Hierarchical clustering algorithms build clusters by merging or splitting clusters successively. Agglomerative clustering is a member of this group: at the start, each data point is in its own cluster, and the algorithm merges similar clusters into new clusters until there is only one cluster left, that contains all the data points. We then have to choose how many clusters we are interested in seeing.
# computing labels for different cluster numbers with the Agglomerative Clustering algorithm
agg_scores= {}
for i in range(2,9):
agg= AgglomerativeClustering(n_clusters=i).fit(pca_df)
agg_labels= agg.labels_
data_with_clusters["AgglomerativeClustering"+str(i)+"clusters"]= agg_labels
# silhouette score
agg_scores[i]= silhouette_score(pca_df, agg_labels)
# plotting scores
plt.plot(agg_scores.keys(), agg_scores.values(), lw=3)
plt.title("Agglomerative clustering")
plt.xlabel("Number of clusters")
plt.ylabel("Silhouette score")
plt.show()
The highest silhouette score is obtained with 2 clusters as well.
# visualising clusters obtained with Agglomerative clustering
sns.lmplot("PC1", "PC2", data=data_with_clusters, hue="AgglomerativeClustering2clusters", fit_reg=False, palette="colorblind")
plt.title("Agglomerative Clustering")
plt.show()
Using this hierarchical clustering approach, the majority of data points is assigned to the blue cluster.
Another clustering method we will try is a density-based clustering technique: DBSCAN.

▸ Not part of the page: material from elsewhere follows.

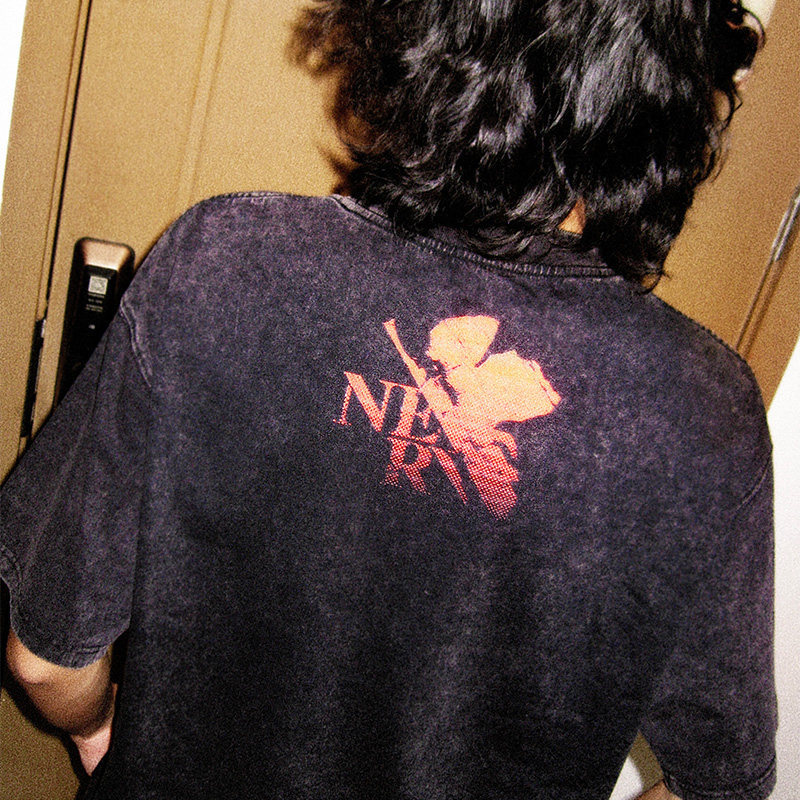 灌籃高手湘北全國大賽出征水洗做舊 2026親子情侶男女同款 印花水洗短袖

One of the advantages of DBSCAN is that we do not need to specify a number of clusters. The algorithm assigns data points to clusters based on their density. Therefore, DBSCAN works well in the case of complex cluster shapes. Note that data points that cannot be assigned to clusters are labelled as noise.
The main parameters we have to tune are the minimum number of points per cluster and the maximum distance between 2 points for them to be considered as located in the same dense region. We will pick 5 points as the minimum number of points per cluster and vary the maximum distance.
# DBSCAN clustering with different maximum distances (eps parameter)
for eps in [1.5, 2]:
dbscan= DBSCAN(eps=eps)
dbscan_labels= dbscan.fit_predict(pca_df)
data_with_clusters["DBSCAN"+str(eps)+"eps"]= dbscan_labels
# visualising DBSCAN clustering for eps=1.5
sns.lmplot(x="PC1", y="PC2", data=data_with_clusters, hue="DBSCAN1.5eps", fit_reg=False, palette="Paired")
plt.title("DBSCAN clustering with eps=1.5")
plt.show()
With the eps parameter set at 1.5, DBSCAN is able to find 13 clusters. The data points that cannot be assigned to clusters are labelled -1 (noise). Let's have a look at the clustering when eps is 2.
# visualising DBSCAN clustering for eps=2
sns.lmplot(x="PC1", y="PC2", data=data_with_clusters, hue="DBSCAN2eps", fit_reg=False, palette="Paired")
plt.title("DBSCAN clustering with eps=2")
plt.show()
On the above plot, we can see the 8 clusters that DBSCAN is able to find when eps is 2. We can tell that DBSCAN creates clusters that can be of different shapes and sizes: the first cluster (cluster number 0) contains the vast majority of the data points that have been assigned to clusters.
In this project, we have explored different clustering algorithms: K-means, Gaussian mixture, Agglomerative clustering and DBSCAN. Even though the first three gave similar results, the clusters we obtained were different for each algorithm.
In the case of unsupervised learning, having no ground truth means that there is no correct answer in terms of cluster assignment or cluster numbers. Multiple clusterings are often plausible for the same dataset, as seen in this project. In order to evaluate clustering quality, we can consider a task-based evaluation: we assess clusters quality according to how well clustering-based features improve the performance of a following supervised learning task.